166 In reaching my conclusion in respect of the second injury, I have not accumulated the consequences of the two injuries. I have compared the consequences before and after the second injury, and then made an assessment of the additional impairment consequences arising from the second injury alone.
167 Taking into account the additional impairment consequences arising from the second injury alone, I am satisfied that the consequences of the second injury are such that I find they are “more than significant or marked” and are “at least very considerable”. I accept that the plaintiff has satisfied the statutory test for pain and suffering as a result of the second injury.
Is the first injury a “serious injury”?
168 I must now consider whether the plaintiff can rely on the pain and suffering consequences that existed after the second injury as being consequences of the first injury.
169 The plaintiff must prove that he was rendered vulnerable by the first injury to the consequences that became apparent after the second injury. There was no medical evidence to support this. None of the medical witnesses discussed this issue. There was no medical evidence that the residual adversity from the first accident rendered the plaintiff vulnerable to the second injury.
170 In the alternative, the plaintiff must prove that the additional effects from the first injury that became manifest after the second injury, when taken into account in isolation from the second injury, produced a serious impairment to the lumbar spine as a consequence of the first injury. Again, there was no medical evidence upon which I could rely to support such a finding. The plaintiff’s evidence was that his back was not recovered after the first injury. Mr O’Brien’s evidence said both incidents have contributed to his problem. Further, the events giving rise to the injuries are two discrete events which are independent of each other in term of their consequences. There was no medical or other evidence from which I can infer that the current level of symptoms are elevated due to the first accident.
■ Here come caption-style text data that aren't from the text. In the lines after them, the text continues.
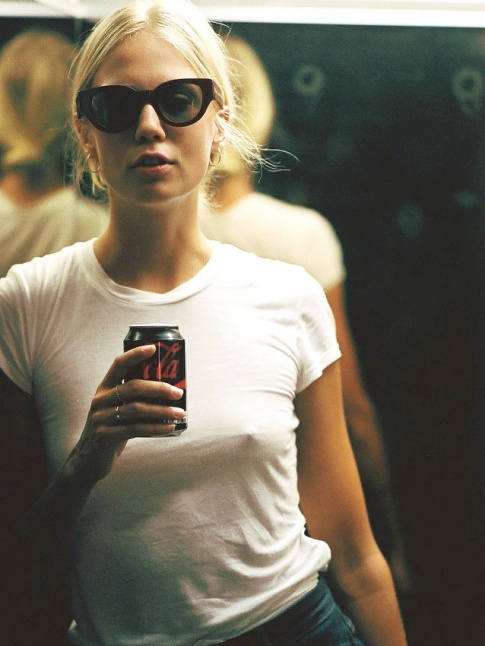 Lunettes noires + mini croles dores + tee-shirt troit en coton lger = le bon mix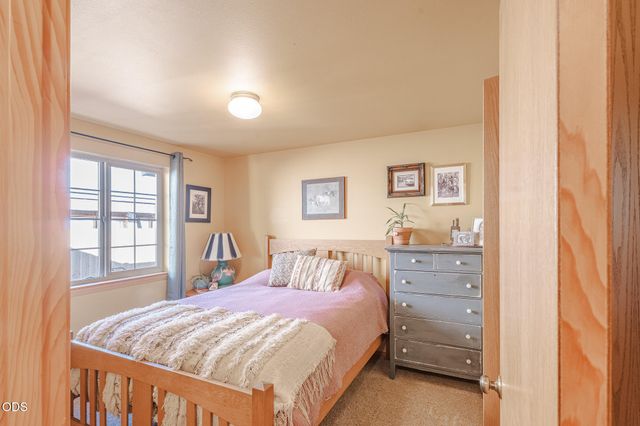 2653 NE Genet Court, Bend, OR 97701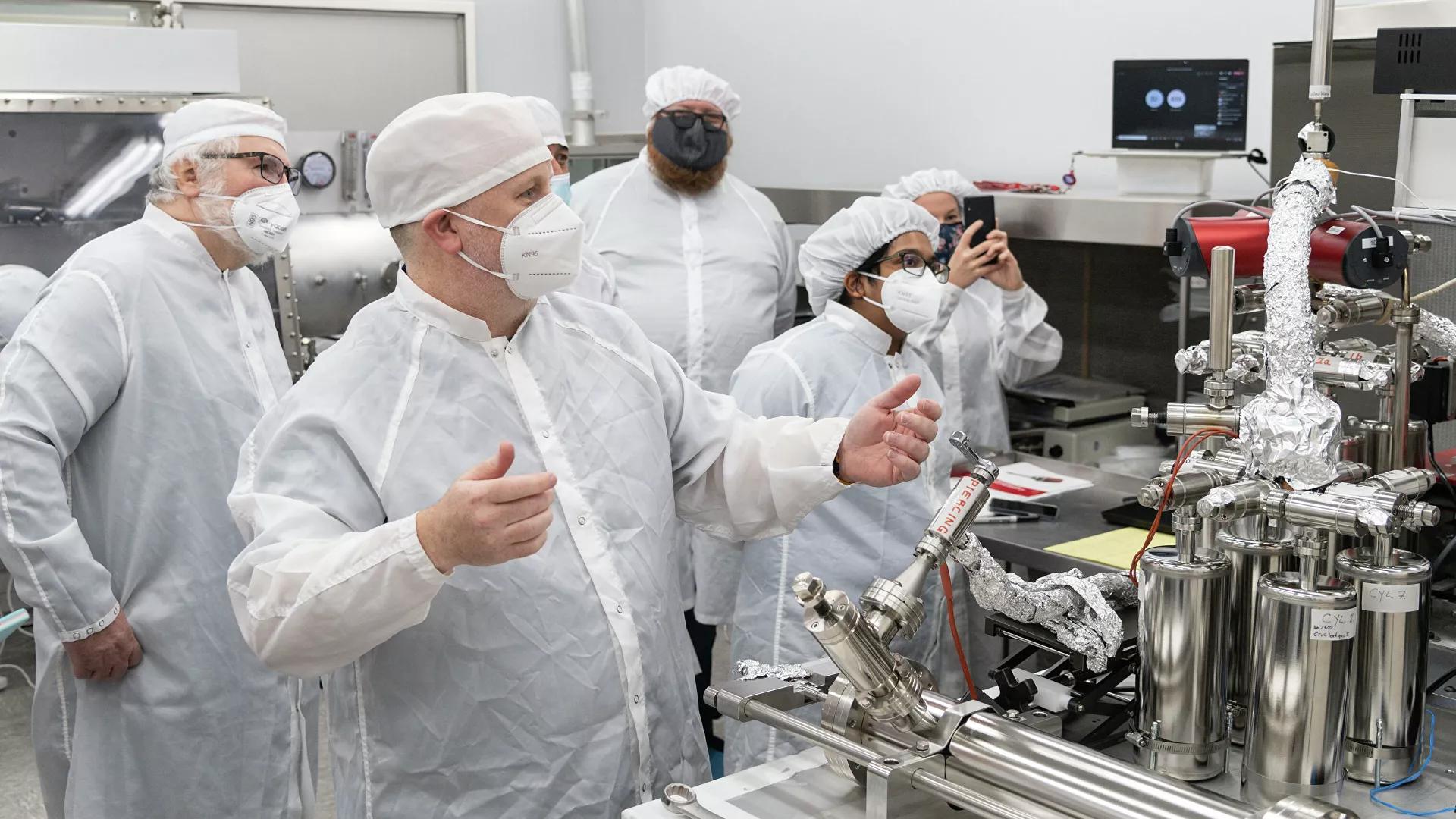 Blast From the Past: NASA Unseals 50-Year-Old Lunar Samples Blast From the Past: NASA Unseals 50-Year-Old Lunar Samples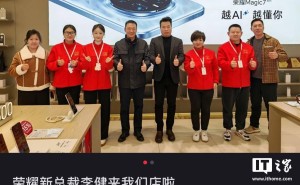 荣耀新任CEO李健低调现身西安门店，送红包慰问员工引关注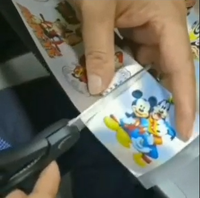 A4 UV dengan pernis UV printer DTF dengan perangkat lunak gratis untuk mencetak botol USB bola kartu pena casing ponsel a4 uv printer flatbed
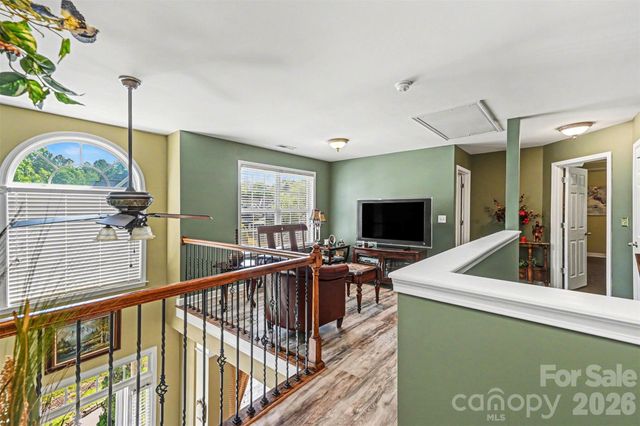 10812 Clark Street, Davidson, NC 28036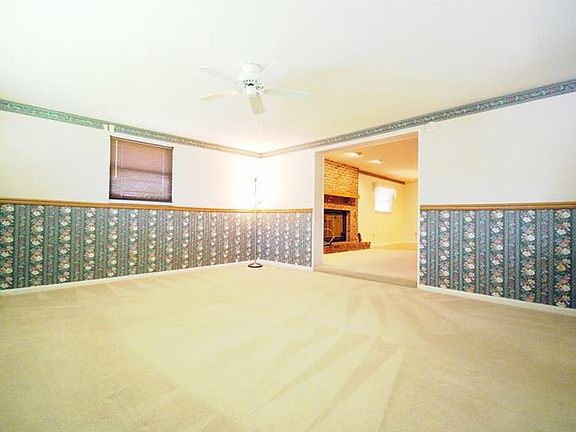5th image of 905 Helena Dr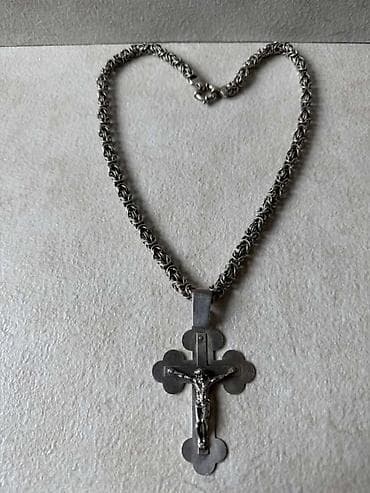 swatch satovi cene: Masivan srebrni lanac sa krstom 925 (61.7g, 57.5cm) Prodajem masivan — 9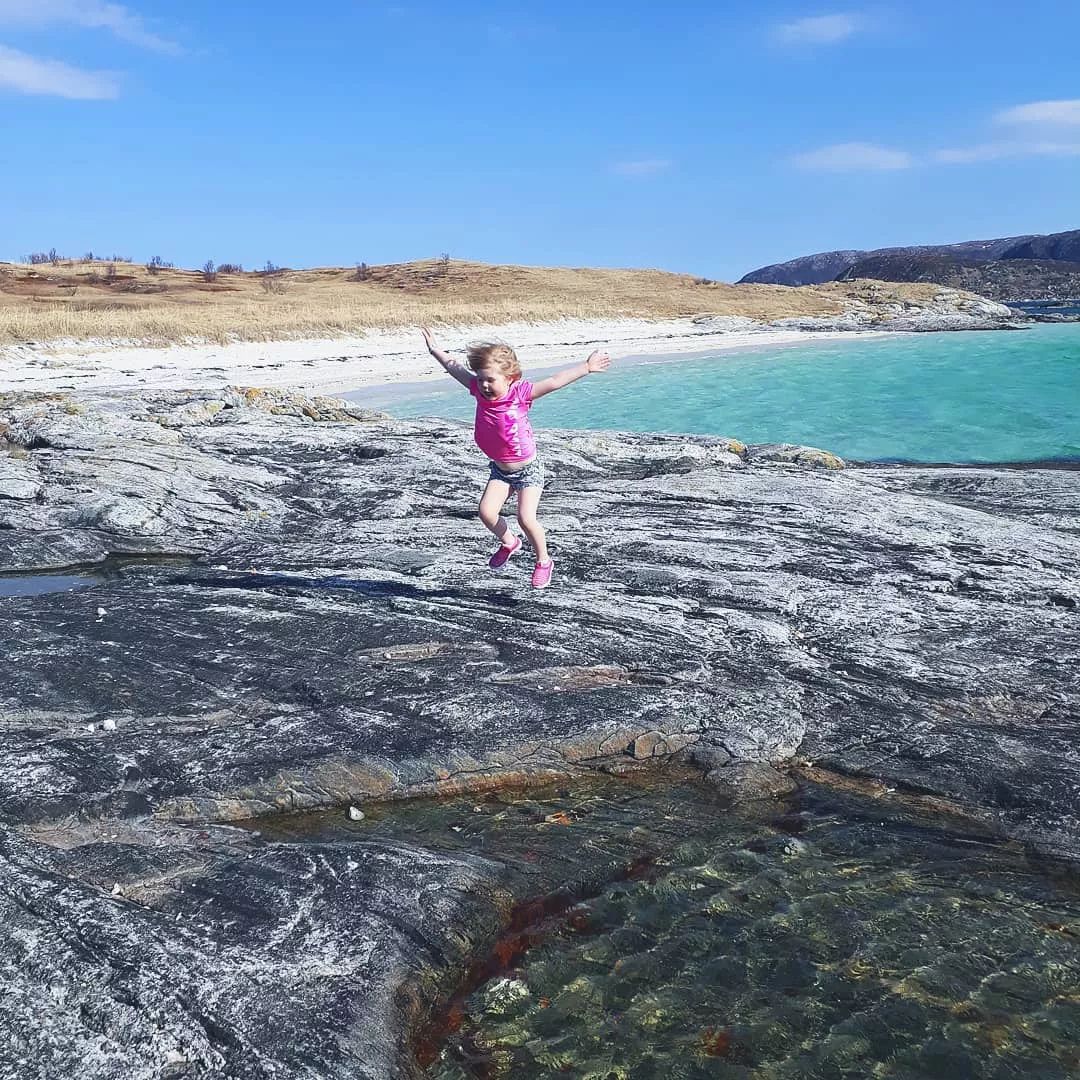 挪威的一个小岛夏天,挪威最美渔村北极圈里的秘境岛屿
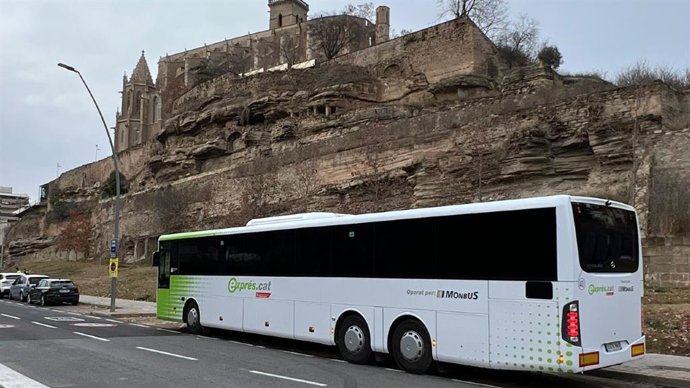 Uno de los buses del corredor Barcelona-Olesa-Manresa.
171 For the above reasons, I am not satisfied that the plaintiff suffered a “serious injury” in accordance with the Act in relation to the first injury on 28 May 2004. I am satisfied that the plaintiff has established that the injury he suffered on 8 August 2008, being the second injury, is a “serious injury” within the meaning of the Act.
172 Accordingly, I grant leave to the plaintiff to issue common law proceedings for pain and suffering damages arising out of the second injury on 8 August 2008.